Goranin's history is detailed and neatly written, but it's her collection of photobooth photos that makes the case for the invention's commercial immortality and aesthetic potency, as the flat, unforgiving frontality of the snapshots amounts to a distinctive style. Although hidden from the world's view by the curtain, photobooth subjects can't hide from the camera, and so they are captured in a kind of vulnerable vérité, up close and personal in the truest sense. The greatest image here is probably the1953 honeymoon photo of Jacqueline and John F. Kennedy--a shot worthy of Avedon or Karsh, with a beaming, boisterously handsome JFK and, pressed close behind him in the tightly shared space, a regally reserved Jackie, her white-gloved arm clutching his lapel. No other portrait of the fabled pair seems to convey their personalities with such ease and unstudied grace.
The other photos range widely and well, and there are many interesting shots of solitary sitters, inhabiting the booth with everything from misplaced vanity to exhibitionistic nudity to quiet desperation. Couples dominate, of course, whether mothers and children, brothers and sisters, husbands and wives, or, always, lovers--some sharing a final photographic intimacy before one of them ships out. This is the sort of photography book that sneaks up on you, transcending a first impression as a mere trove of found photography, relentlessly random, and finally asserting some real narrative power amid the purity of so much unguarded imagery.

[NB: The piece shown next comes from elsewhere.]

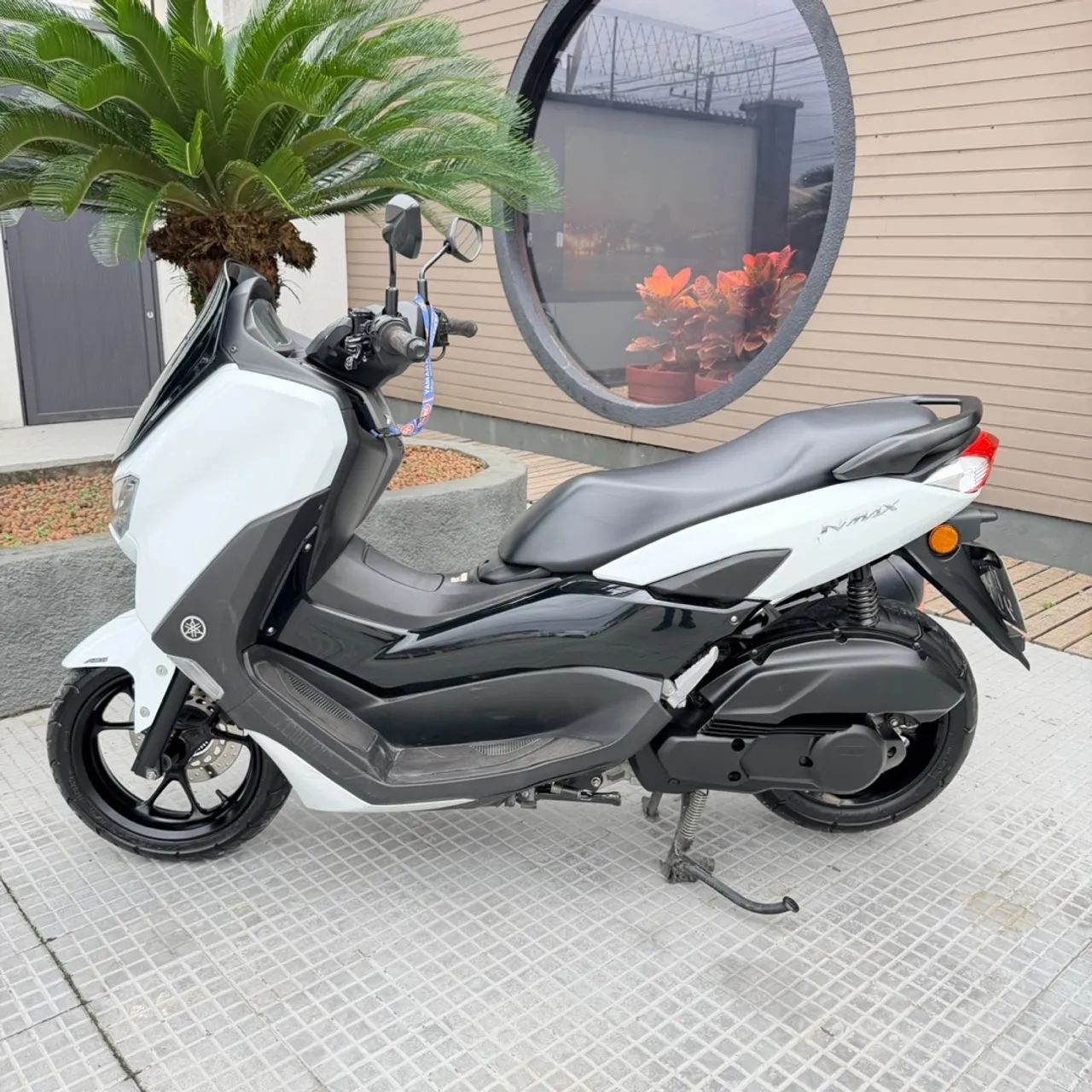 Yamaha NMax 160 2022 - Foto 5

Matt Damsker is an author and critic, who has written about photography and the arts for the Los Angeles Times, Hartford Courant, Philadelphia Bulletin, Rolling Stone magazine and other publications. His book, "Rock Voices", was published in 1981 by St. Martin's Press. His essay in the book, "Marcus Doyle: Night Vision" was published in the fall of 2005. He currently reviews books for U.S.A. Today.